Kompas Cyber Media - September 11, 2005

Ant/Edj, Jakarta – The Indonesian National Front for Labour Struggle (FNPBI) believes that the government of President Susilo Bambang Yudhoyono and Vice President Jusuf Kalla (SBY-Kalla) are pursuing economic polices that support foreign interests and which fail to side with the interests of workers.

Around 150 demonstrators from FNPBI held a demonstration in front of the Hotel Indonesia roundabout in Jakarta on Sunday September 11, declared their opposition to the policy of maintaining cheap wages and the removal of subsidies for the poor including cuts to fuel subsidies. Demonstrators also brought banners to the action with messages demanding the government be replaced.

“The policies of the SBY-Kalla regime increasingly indicate their real intention of subjugating of the economy to what is referred to by the term economic neoliberalism.
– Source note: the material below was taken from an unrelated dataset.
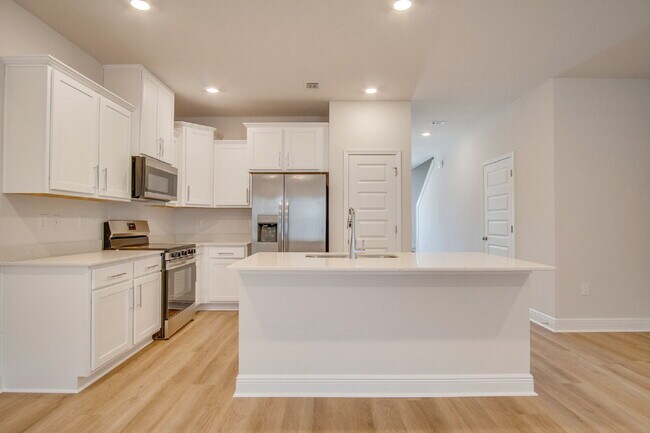 Building Photo - Brand New! Stylish 3BR/2.5BA Townhome with Modern Finishes, Quartz Kitchen, Garage, and Easy Acce...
They make way to the advanced countries in order to [allow them to] deepen their control of the Indonesian market”, said FNPBI secretary Budi Wardoyo.

According to Wardoyo, cheap wages, which at this time still represent one of the government’s principle policies to attract foreign investors, do not side with the interests of workers. “This policy in its reality does not increase job opportunities or create prosperity but is precisely what is destroying the economic livelihood of the poor”, he said.
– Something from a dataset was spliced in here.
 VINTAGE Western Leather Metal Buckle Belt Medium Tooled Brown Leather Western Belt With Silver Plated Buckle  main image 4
Furthermore said Wardoyo, the job market does not affect foreign investors who invest their capital on the stock market so it is increasingly clear that the policy of maintaining cheap wages to develop the real sectors of the economy instead weakens the public’s purchasing power. “We were also critical when the government opened the gates to the import of all types of commodities without incurring high import taxes”, he said.
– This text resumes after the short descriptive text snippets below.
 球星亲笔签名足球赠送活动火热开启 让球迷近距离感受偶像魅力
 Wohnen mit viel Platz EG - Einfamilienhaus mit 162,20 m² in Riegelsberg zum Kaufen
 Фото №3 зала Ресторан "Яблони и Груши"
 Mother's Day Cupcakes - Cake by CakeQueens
FNPBI also took the opportunity to propose a number of alternatives in order to solve these issues including the rescheduling of foreign debt so that the government does not need to cut fuel subsidies, the abolition of financial liberalisation which in the short term means issuing policies to centralise foreign reserves or US dollars earned from exports, strengthening domestic industries and prohibiting all speculative activities on commodities.

“Here we [want to] interline that increasing workers’ wages is not just for the sake of it but must be aimed at increasing the public’s purchasing power in relation to national industries”, he said.